Given information Block Start

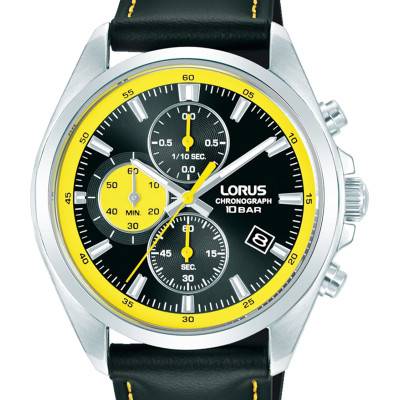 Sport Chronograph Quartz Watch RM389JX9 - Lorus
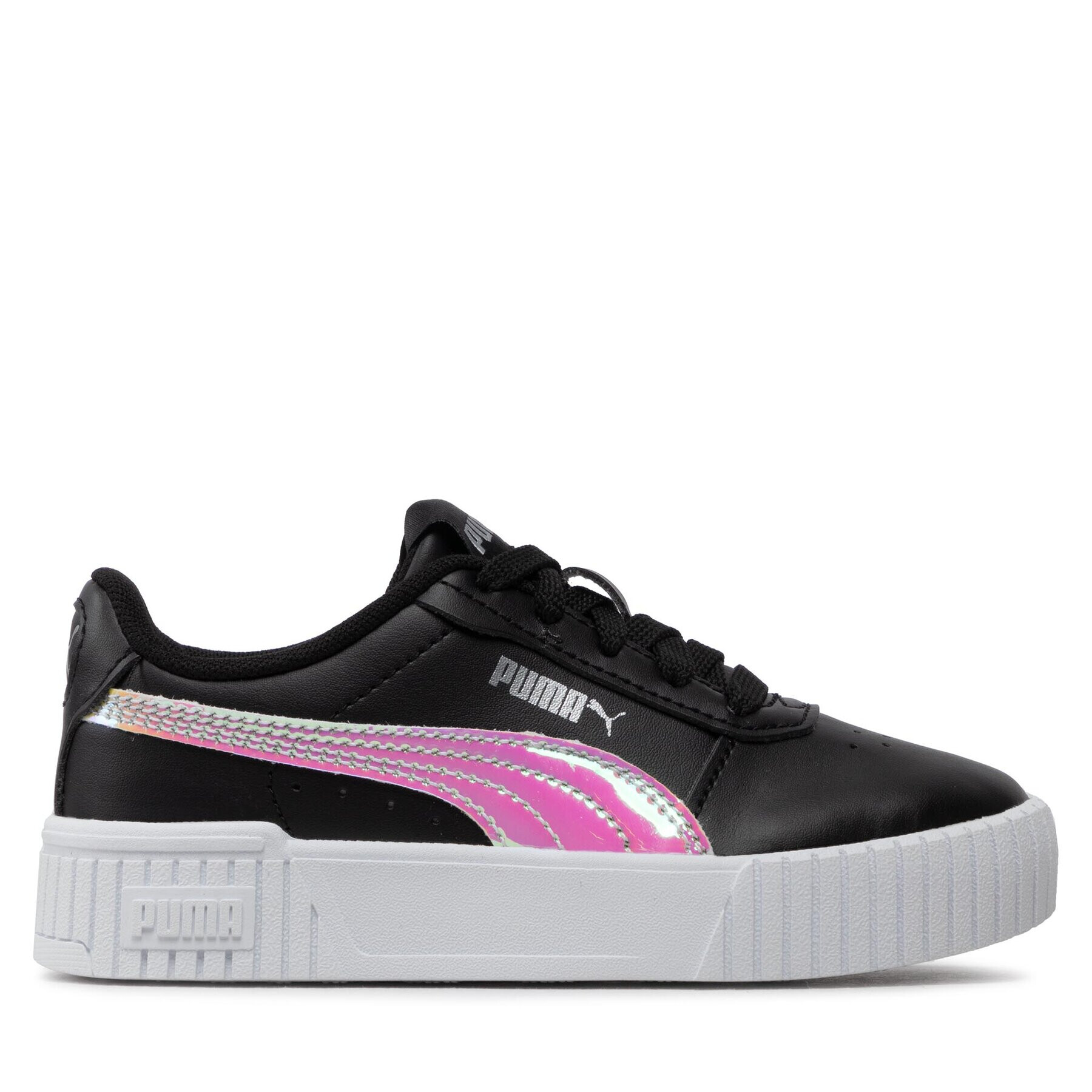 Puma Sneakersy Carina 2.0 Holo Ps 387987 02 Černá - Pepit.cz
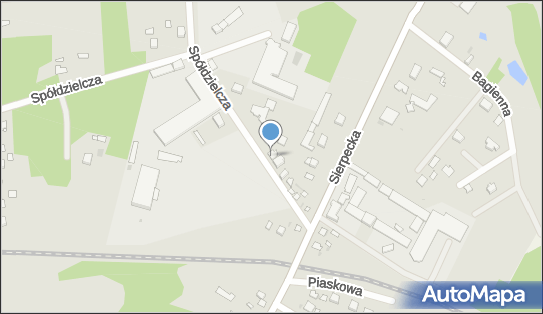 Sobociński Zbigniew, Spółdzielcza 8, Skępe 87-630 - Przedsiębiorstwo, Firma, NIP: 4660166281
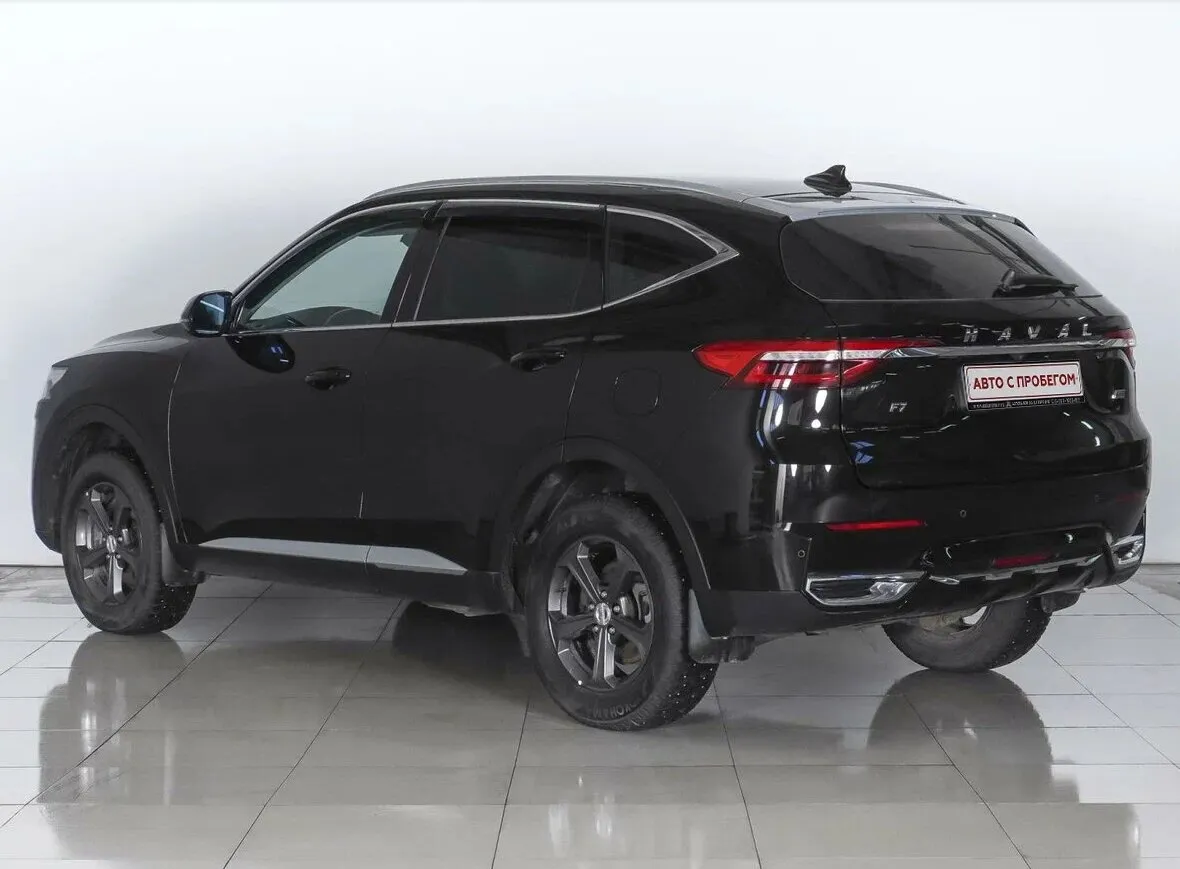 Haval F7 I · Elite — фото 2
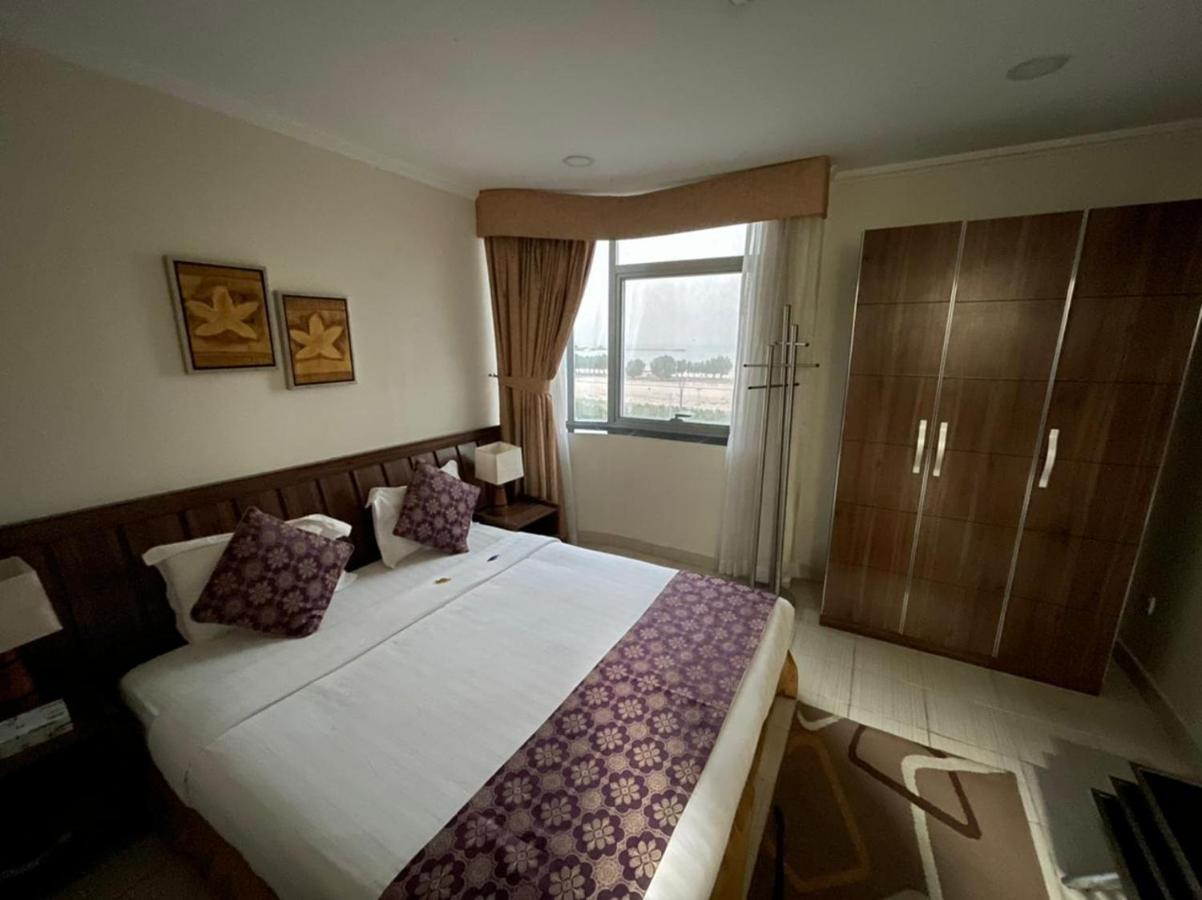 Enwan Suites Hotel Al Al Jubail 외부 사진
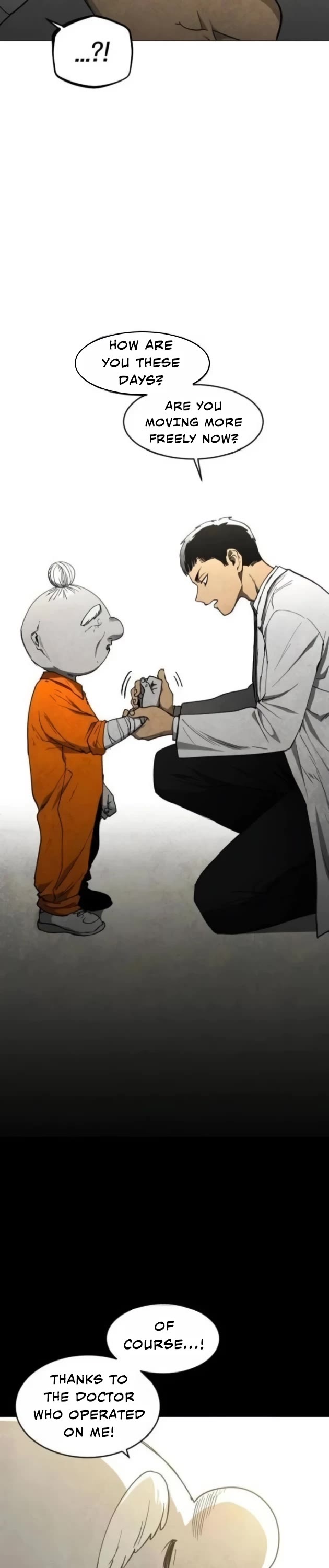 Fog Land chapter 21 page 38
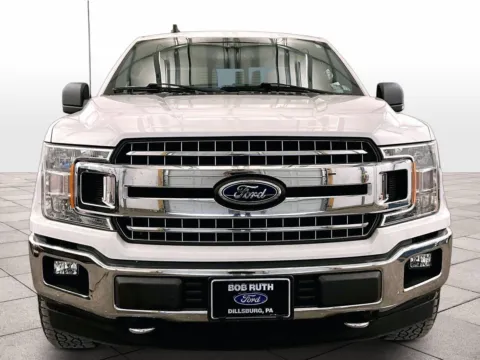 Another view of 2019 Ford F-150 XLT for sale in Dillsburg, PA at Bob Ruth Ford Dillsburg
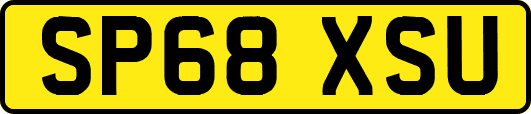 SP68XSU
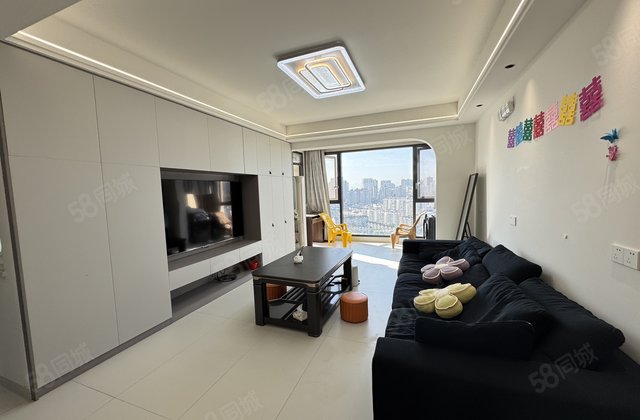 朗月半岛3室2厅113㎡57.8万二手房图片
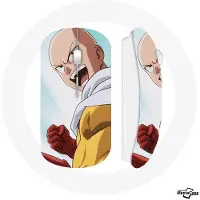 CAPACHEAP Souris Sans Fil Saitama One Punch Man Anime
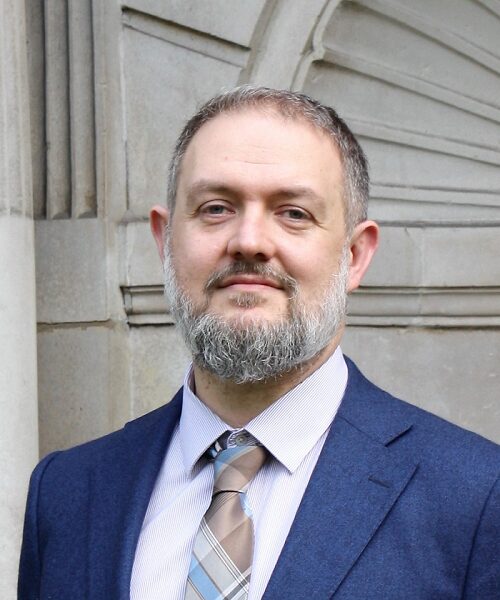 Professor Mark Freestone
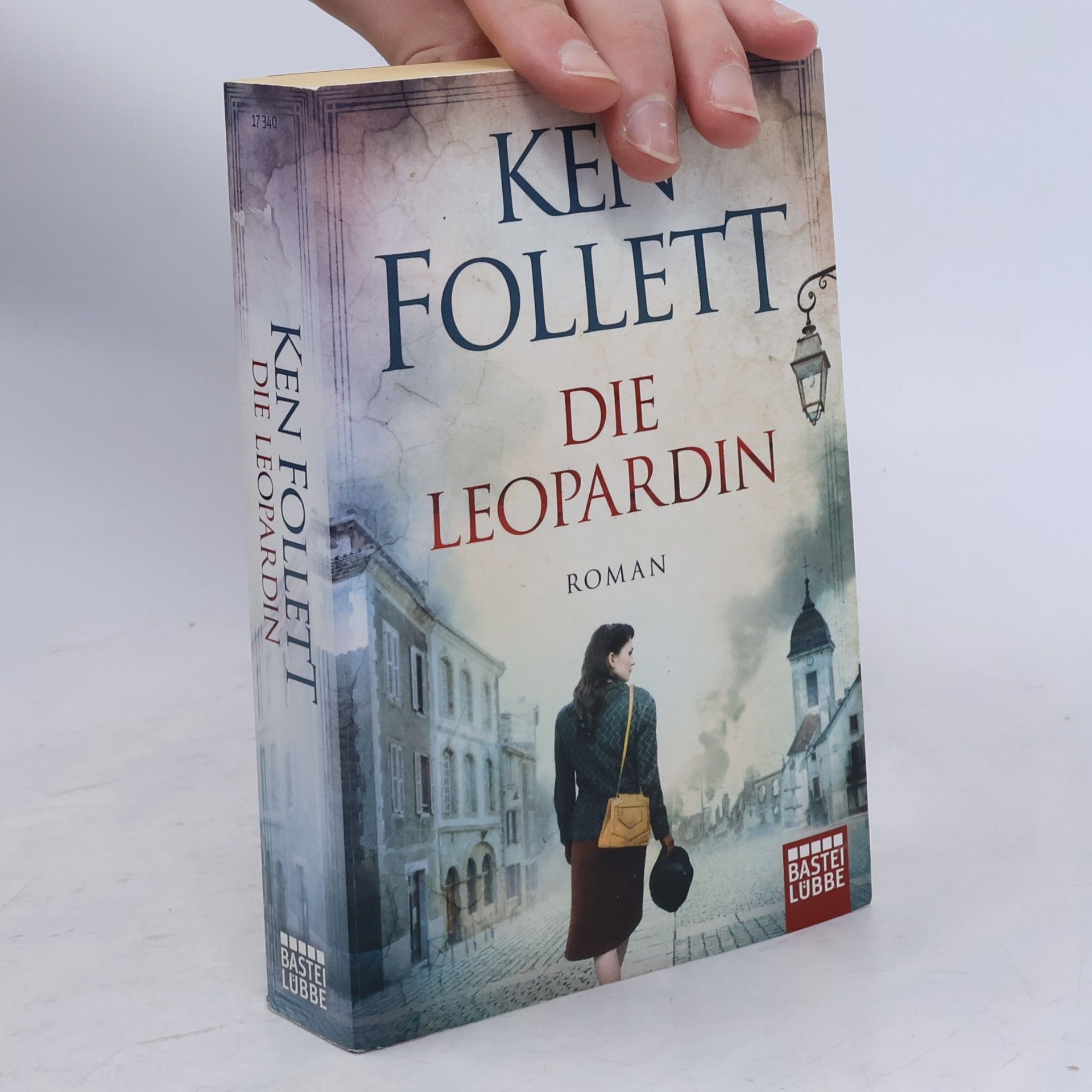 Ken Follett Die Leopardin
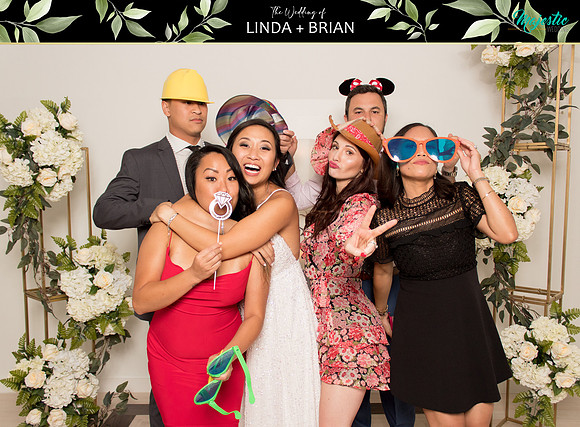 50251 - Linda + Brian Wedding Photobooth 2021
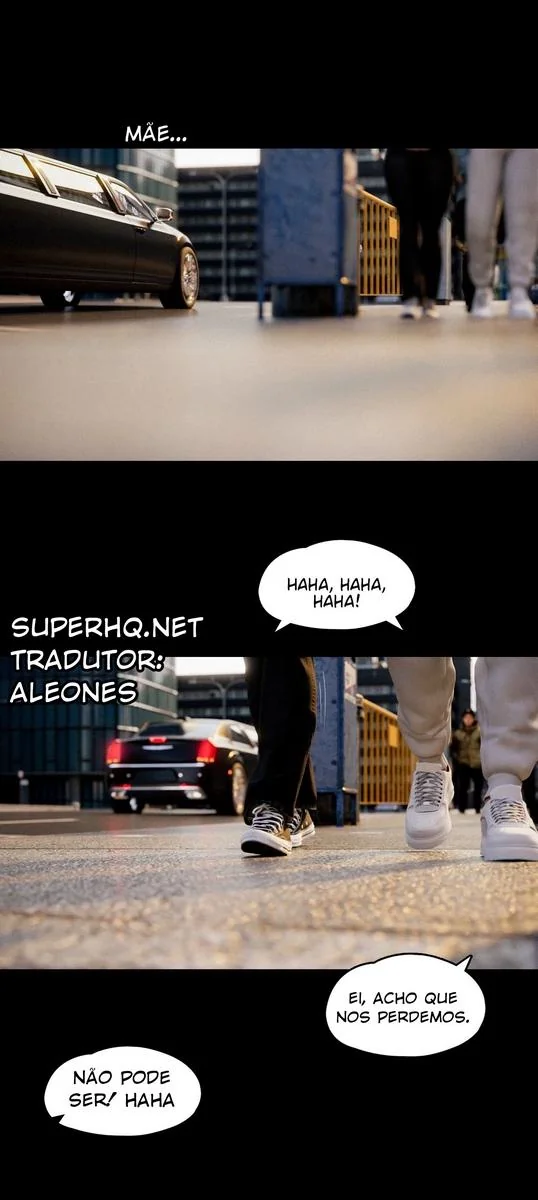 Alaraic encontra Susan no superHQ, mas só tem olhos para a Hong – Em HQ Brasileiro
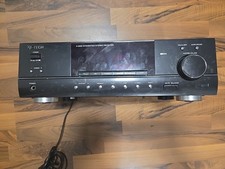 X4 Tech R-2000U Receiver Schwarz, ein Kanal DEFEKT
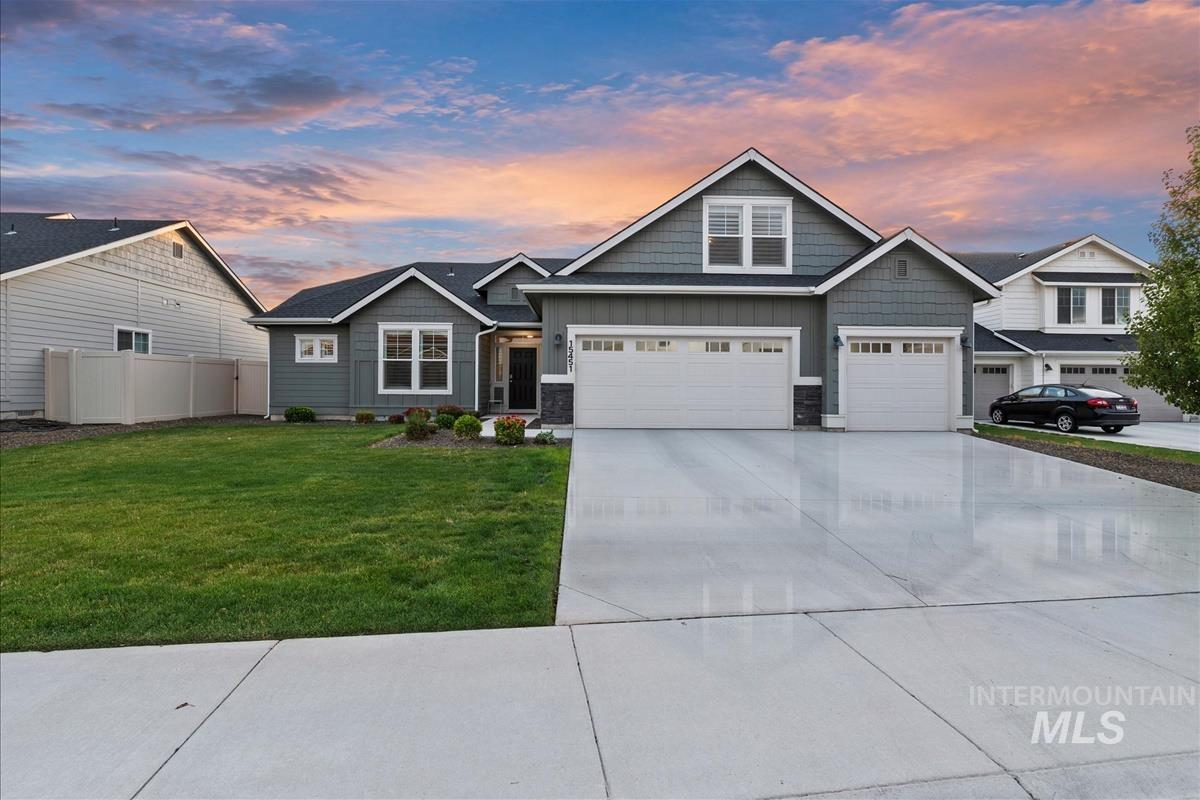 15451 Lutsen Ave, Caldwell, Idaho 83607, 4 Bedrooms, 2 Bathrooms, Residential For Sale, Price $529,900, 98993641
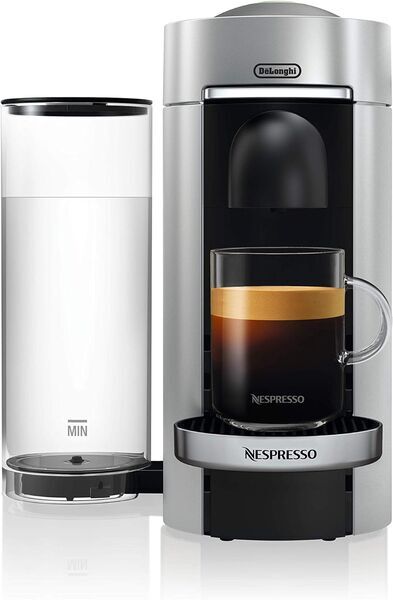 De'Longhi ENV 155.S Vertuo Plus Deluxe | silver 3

Given information Block End

### About this task
Leave out the pictures and set down all of the data exactly.

### Answer box
 Sport Chronograph Quartz Watch RM389JX9 - Lorus
 Puma Sneakersy Carina 2.0 Holo Ps 387987 02 Černá - Pepit.cz
 Sobociński Zbigniew, Spółdzielcza 8, Skępe 87-630 - Przedsiębiorstwo, Firma, NIP: 4660166281
 Haval F7 I · Elite — фото 2
 Enwan Suites Hotel Al Al Jubail 외부 사진
 Fog Land chapter 21 page 38
 Another view of 2019 Ford F-150 XLT for sale in Dillsburg, PA at Bob Ruth Ford Dillsburg
 SP68XSU
 朗月半岛3室2厅113㎡57.8万二手房图片
 CAPACHEAP Souris Sans Fil Saitama One Punch Man Anime
 Professor Mark Freestone
 Ken Follett Die Leopardin
 50251 - Linda + Brian Wedding Photobooth 2021
 Alaraic encontra Susan no superHQ, mas só tem olhos para a Hong – Em HQ Brasileiro
 X4 Tech R-2000U Receiver Schwarz, ein Kanal DEFEKT
 15451 Lutsen Ave, Caldwell, Idaho 83607, 4 Bedrooms, 2 Bathrooms, Residential For Sale, Price $529,900, 98993641
 De'Longhi ENV 155.S Vertuo Plus Deluxe | silver 3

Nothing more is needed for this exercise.